Hmm reading the docs suggests it should do it fully automatically if the array is degraded and you straight swap for an identical or higher capacity drive and if it doesn't its not seeing the drive as an appropriate replacement. Don't have that much experience with it but I know it didn't automatically do it the one time I've had to sort a member disc failure.
 
Hmm reading the docs suggests it should do it fully automatically if the array is degraded and you straight swap for an identical or higher capacity drive and if it doesn't its not seeing the drive as an appropriate replacement. Don't have that much experience with it but I know it didn't automatically do it the one time I've had to sort a member disc failure.

In Volume Management it is listing the replacement drive but showing a read/write error which makes me wonder if it failed to format the drive correctly.

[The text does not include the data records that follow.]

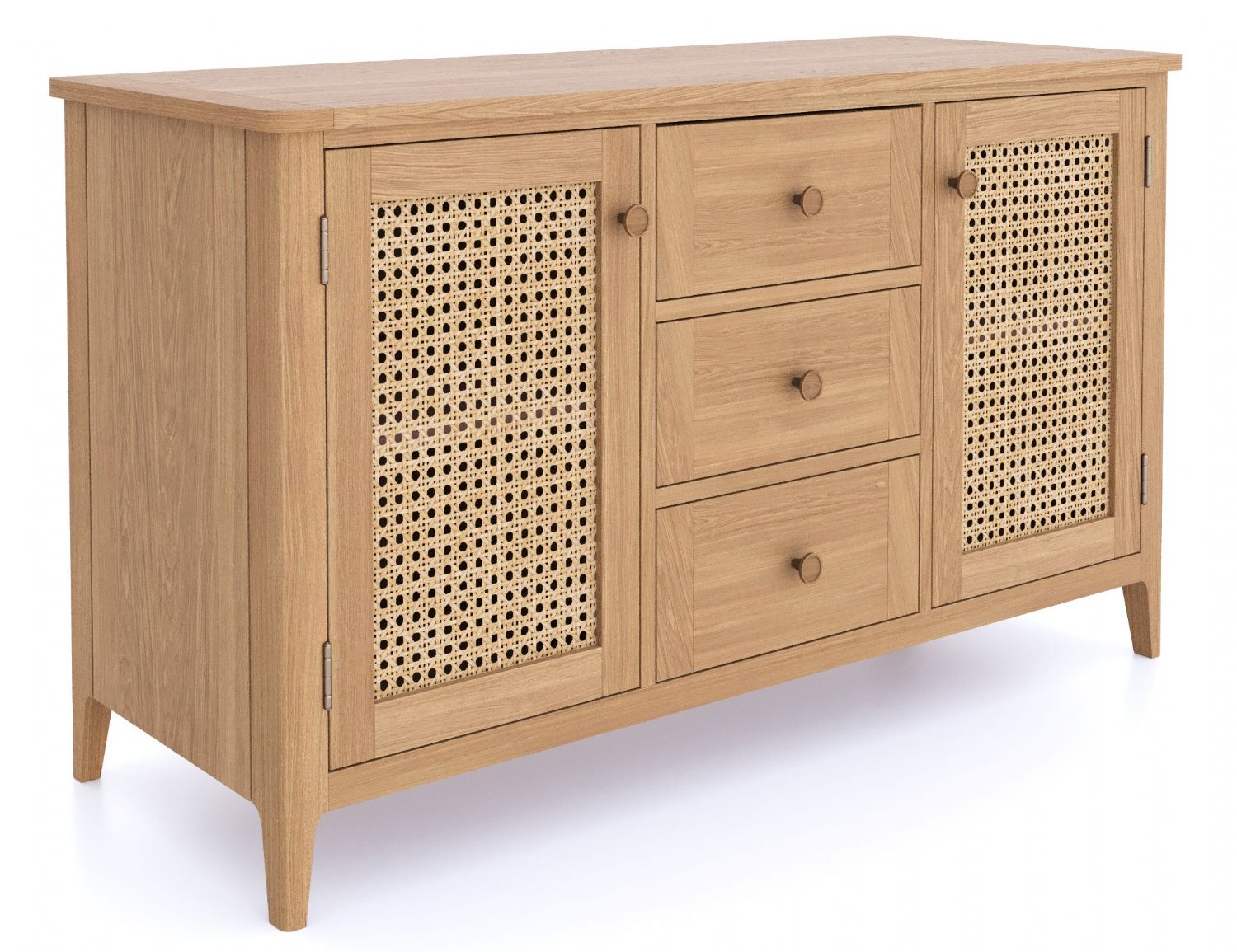 Halmstad Natural Oak Large Sideboard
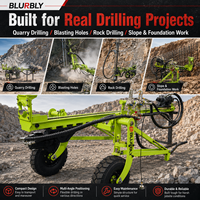 Foreuse pneumatique portative de type split pour le forage de roche, idéale pour les travaux de dynamitage et de construction en carrière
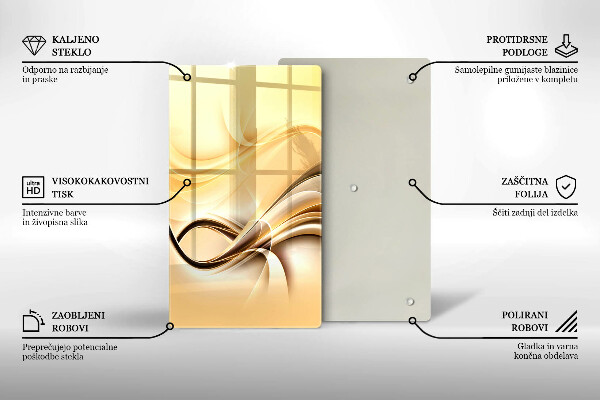 Placă din sticla protectie perete Abstracția fumului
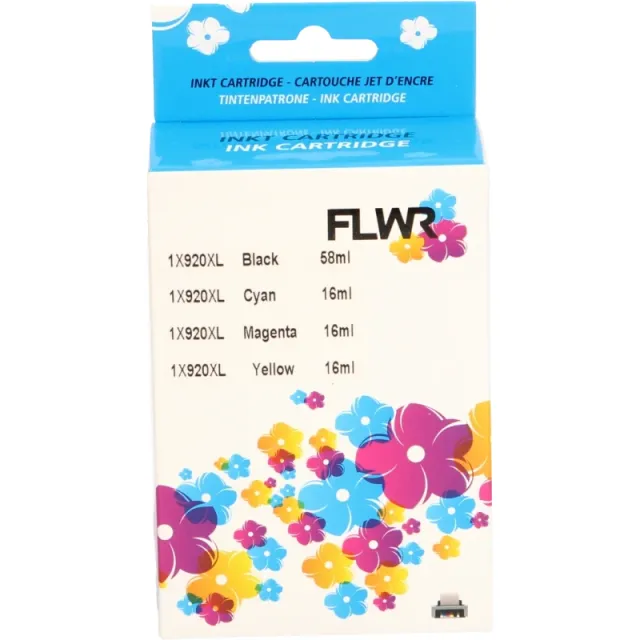 FLWR HP 920XL Multipack zwart en kleur (Huismerk (remanufactured))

If the bad block scan doesn't fix it, I will pull the drive, format it in a PC and then reinsert the drive and it should hopefully reattempt the format.

FYI: The original drive was a WD Red 2TB and we have replaced it with an identical drive.
 
Quick update. Left the Bad Block Scan running overnight, got into work this morning and the system logs show:

[RAID5 Disk Volume: Drive 1 2 3 4] Add drive 1 to the volume failed.
Plugged drive failed to work.
Drive 1 plugged out.

Then in Storage Manager, it is showing HDD1 as not existing.

Now going to run WD Diagnostics on the drive.
 
If the "new" WD drive is the warranty replacement, just bin it.

I had 3 warranty drives for a 3month old 3TB red that failed and EACH OF THEM failed to low level format in 2 different PCs.

The warranty drives they send out seem to be failed drives that have had smart data reset and sent out again.
 
Seems to be common sadly with most non-enterprise lines of drives :S almost regardless of manufacturer - pretty bad.